A local-node-favoring delta to the scaling roadmap

I would love to see state expiry implemented! I spent something like 6 months trying to solve it with some Ethereum researchers a while back but we were never able to come up with a solution that we thought would be satisfactory enough to actually get implemented. If someone has figured out a solution I would love to hear it!

2 Likes

What if you pay validators a fee per MB to encourage investment in storage. The more storage a validator has the more rewards it gets.

Why? There’s no requirement for FOCIL validators to accept transactions according to any specific formula; making a non-empty FOCIL list is a purely volunteer task. So they can use whatever rules they want, and then keep the state that is necessary for them to be able to enforce those rules.

I increasingly think the solution to state expiry is to just move closer and closer to a world where every node is a partial state storing node. Users what want to send txs that use state that other people don’t store would have to locally store the associated witnesses and attach those witnesses to their transactions.

3 Likes

I appreciate the effort towards increased resilience here again. But I’m not sure if what is proposed is actually realistic.

What I would like to see play out is end-users are able to run their own RPC servers that follow head and store the vast majority of all interesting state on Ethereum.

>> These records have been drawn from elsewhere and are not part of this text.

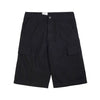 Carhartt Cargo Shorts for Men 154750922 [P]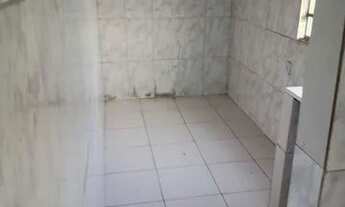 Imagem 6: Prédio residencial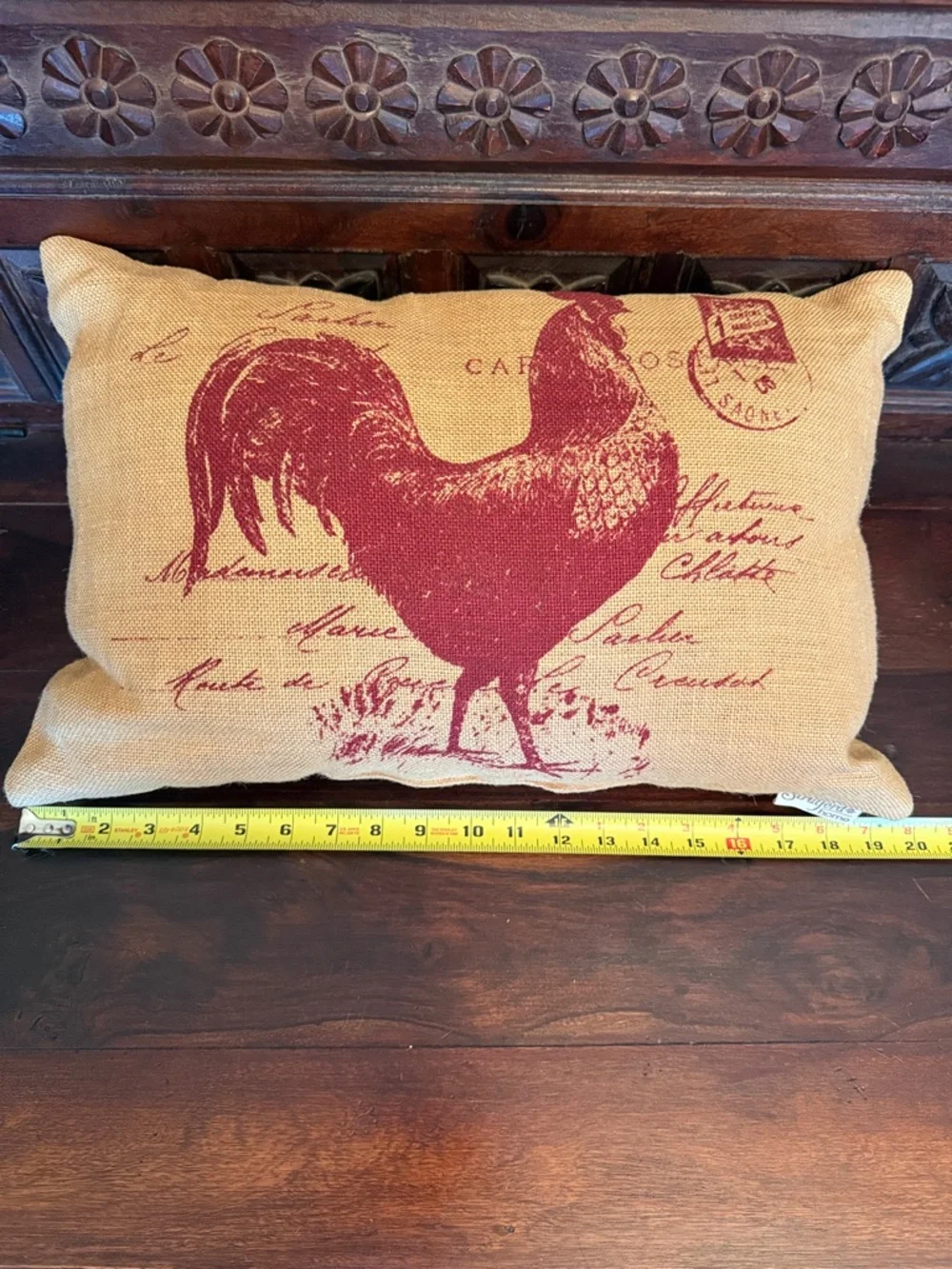Stratford Home brand stratford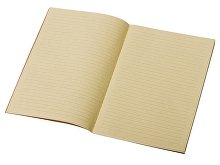 Блокнот A5 «Monet» из моющегося крафта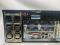 Broadcast Pix Slate G slate Series 2ME SD/HD video switcher
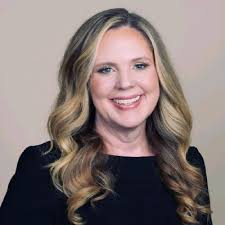 lwoodspeaks #makeitworthit #backtheblue #leadership #lawenforcement  #gratitude #fdle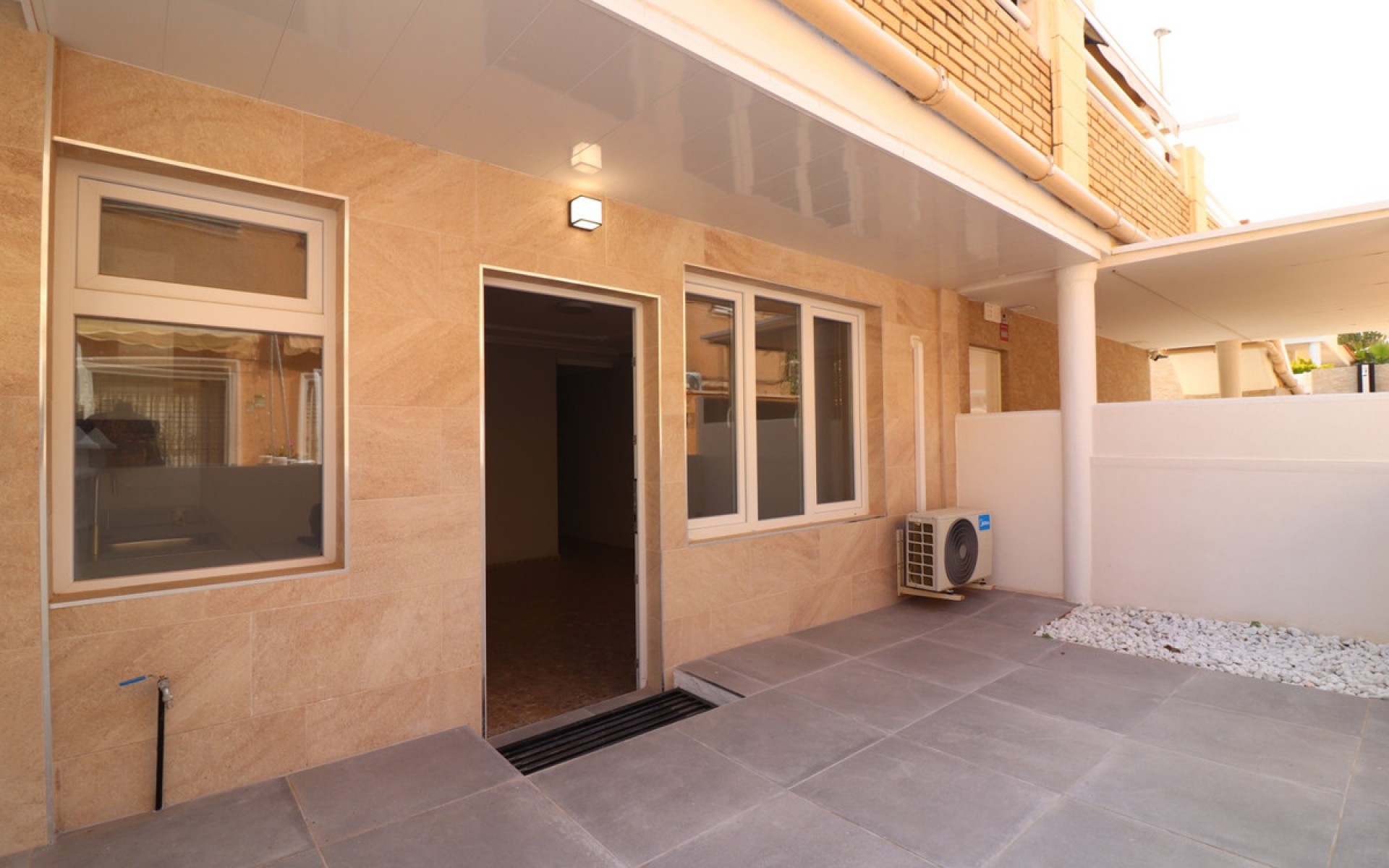 A Vendre - Appartement - Torrevieja - Torrevieja Centro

Yes, that aligns with censorship resistance, but I doubt it’s the realistic outcome. What would that look like in practice? Ideally, every wallet would run a local reduced-state node - think “Mist, but scalable.” But that shifts an even heavier burden onto full nodes, which would then have to:

  1. Lookup light-client proof data → increased storage (read) load
  2. Generate the light-client proof → increased compute load
  3. Relay the light-client proof over the network → increased bandwidth and connection load

I’d love to see performance estimates, but depending on rollout, you could easily end up with partial-state nodes outnumbering full nodes by more than 1,000x (assuming one wallet per reduced-state node). That alone could bottleneck full nodes. And network load isn’t just about bandwidth - it’s also about how many concurrent connections a node can handle.

With all that extra work, why would full-node operators participate? We’ve managed so far with only a few light nodes freeloading on existing full nodes, but that dynamic would break once most Ethereum users run light clients.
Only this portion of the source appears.